ACLU Applauds Governor’s Proposal to Expand Early Education, Calls for Greater School Support Staff Funding
Press Contact: Daisy Vieyra, 916.824.3266
FOR IMMEDIATE RELEASE: January 10, 2019
The civil liberties organization urges Governor Newsom and the legislature to allocate increased funding for school counselors, psychologists, social workers, and nurses.
SACRAMENTO–Just days after being sworn in as California’s 40th governor, Gavin Newsom unveiled his proposed budget today for the 2019-20 Fiscal Year, including a $124.9 million investment to expand preschool education to all low-income four-year-olds over the next three years.
In response, Sylvia Torres-Guillén, the ACLU of California’s Director of Education Equity, issued the following statement:
We commend Governor Newsom for championing early childhood education for California’s most vulnerable students. For years, California’s investment in quality early childhood education has seen a steady decline, even as child poverty in California remains the highest in the nation and as other states have increased their investments.
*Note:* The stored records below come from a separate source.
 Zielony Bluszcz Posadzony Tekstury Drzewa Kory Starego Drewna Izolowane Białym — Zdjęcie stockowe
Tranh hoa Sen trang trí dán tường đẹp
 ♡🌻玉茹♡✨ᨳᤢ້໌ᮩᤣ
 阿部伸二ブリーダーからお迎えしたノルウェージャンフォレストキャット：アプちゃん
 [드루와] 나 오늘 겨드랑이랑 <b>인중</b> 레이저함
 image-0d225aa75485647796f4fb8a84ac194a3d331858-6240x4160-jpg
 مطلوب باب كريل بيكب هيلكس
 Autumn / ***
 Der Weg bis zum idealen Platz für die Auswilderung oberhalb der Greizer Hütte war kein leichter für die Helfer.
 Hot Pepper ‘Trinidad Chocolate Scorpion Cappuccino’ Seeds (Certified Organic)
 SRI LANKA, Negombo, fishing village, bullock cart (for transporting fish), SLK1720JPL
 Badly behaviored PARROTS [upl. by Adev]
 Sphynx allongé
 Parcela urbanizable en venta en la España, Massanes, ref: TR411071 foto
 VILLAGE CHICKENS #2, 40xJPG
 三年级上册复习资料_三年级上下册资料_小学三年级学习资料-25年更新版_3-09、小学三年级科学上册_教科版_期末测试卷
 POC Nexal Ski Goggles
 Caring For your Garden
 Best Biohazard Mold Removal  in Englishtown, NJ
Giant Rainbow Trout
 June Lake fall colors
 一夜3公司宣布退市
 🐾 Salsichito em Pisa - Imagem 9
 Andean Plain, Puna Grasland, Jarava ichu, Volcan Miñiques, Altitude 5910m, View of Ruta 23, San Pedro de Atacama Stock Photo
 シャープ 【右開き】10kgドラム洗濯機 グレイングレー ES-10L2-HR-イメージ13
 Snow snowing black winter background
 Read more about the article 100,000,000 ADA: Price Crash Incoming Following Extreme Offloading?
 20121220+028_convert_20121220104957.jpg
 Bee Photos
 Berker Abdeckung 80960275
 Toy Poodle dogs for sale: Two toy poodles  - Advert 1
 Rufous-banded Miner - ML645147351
Indeed, California must renew its commitment to provide adequate and meaningful resources for preschool education and ensure that all children, especially children of color and low-income children, receive a just, equitable, and excellent education.
In addition to early childhood education, California must also commit to a resource-based approach that keeps students in school and on track to graduate. It is long overdue for California to part ways with punitive approaches that have pushed countless students, especially Black and Brown students, out of school and into the school-to-prison and school-to-deportation pipeline.
Increasing access to support staff, including school counselors, psychologists, social workers, and nurses, is crucial to this endeavor.
Currently, California has one of the highest student-to-counselor ratios in the country, with school counselors handling nearly three times the recommended caseload. Additionally, California has twice as many police officers than social workers in schools. At the national level, more than 43 percent of students attend schools that do not have a psychologist on campus. It is time California fully and holistically serve children and youth in school.
We look forward to continuing budget discussions with the Newsom administration and the state legislature to advance racial justice, equity, and inclusion at every level of California’s public education systems.